Despite the initial complaints about your first post, I think a nice discussion about HDR can take place. I am interested in high dynamic range scenes; I am not so interested in tone mapping.I have a question to the forum: why people trend to call "HDR" (High Dynamic Range) to what actually is Tone Mapping?
everytime I speak about high dynamic range captures, I cannot refer to the term "HDR" as people quickly think of Photomatix tone mapping, which usually looks unnatural to me. And when they look at my high dynamic range pictures they say: "mmm it doesn't look HDR".

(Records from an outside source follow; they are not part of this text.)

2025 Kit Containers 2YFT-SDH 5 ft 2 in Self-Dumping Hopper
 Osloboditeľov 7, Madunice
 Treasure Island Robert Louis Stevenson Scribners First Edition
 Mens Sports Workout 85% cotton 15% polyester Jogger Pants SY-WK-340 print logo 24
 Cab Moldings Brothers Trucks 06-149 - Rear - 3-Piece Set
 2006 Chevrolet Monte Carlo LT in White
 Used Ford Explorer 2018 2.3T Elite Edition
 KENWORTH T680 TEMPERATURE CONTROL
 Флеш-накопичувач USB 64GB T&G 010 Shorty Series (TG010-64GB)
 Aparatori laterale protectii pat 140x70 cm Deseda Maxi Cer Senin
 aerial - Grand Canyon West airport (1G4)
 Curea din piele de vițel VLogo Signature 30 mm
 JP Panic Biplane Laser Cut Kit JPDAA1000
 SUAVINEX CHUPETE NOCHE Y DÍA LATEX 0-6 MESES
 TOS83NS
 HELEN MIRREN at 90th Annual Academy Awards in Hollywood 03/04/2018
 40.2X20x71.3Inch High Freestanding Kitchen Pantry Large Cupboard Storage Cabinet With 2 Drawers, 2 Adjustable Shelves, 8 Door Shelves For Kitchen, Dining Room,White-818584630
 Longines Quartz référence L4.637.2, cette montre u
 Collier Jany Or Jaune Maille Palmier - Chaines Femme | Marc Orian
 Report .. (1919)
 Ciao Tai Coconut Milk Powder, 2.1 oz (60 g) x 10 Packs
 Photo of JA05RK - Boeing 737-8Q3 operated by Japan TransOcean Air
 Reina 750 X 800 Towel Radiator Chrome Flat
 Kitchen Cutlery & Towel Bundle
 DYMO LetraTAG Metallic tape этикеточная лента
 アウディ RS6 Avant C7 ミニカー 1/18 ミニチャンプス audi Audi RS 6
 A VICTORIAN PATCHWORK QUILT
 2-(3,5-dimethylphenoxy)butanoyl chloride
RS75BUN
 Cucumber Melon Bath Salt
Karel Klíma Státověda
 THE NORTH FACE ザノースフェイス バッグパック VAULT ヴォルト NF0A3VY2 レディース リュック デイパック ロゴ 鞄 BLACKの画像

High dynamic range simply means that you captured a wide luminance range of detail in your scene, where the deepest shadows are many f-stops far from the highlights. There is no need of tone mapping to be able to talk about high dynamic range at all, they are linked but different concepts. You can apply tone mapping to a low dynamic range image (for instance Photomatix allows to tone map one single RAW file, which cannot be high dynamic range for today's sensor limitations), and you can have a high dynamic range image without applying any tone maping on it.Would you think of these pictures being "HDR"?
they indeed are, both accounting nearly 13 f-stops of real dynamic range. They are not tone mapped however that's why they don't have the local microconstrast look provided by that technique.
BTW flyingpanther, in your tutorial you claim: "Remember a single camera shot can hold detail in about a 5 stop exposure range at best."
This is not true in modern cameras. A modest DSLR as the Canon 350D can, if properly used (i.e. exposing to the right), register with a good detail up to 8 f-stops.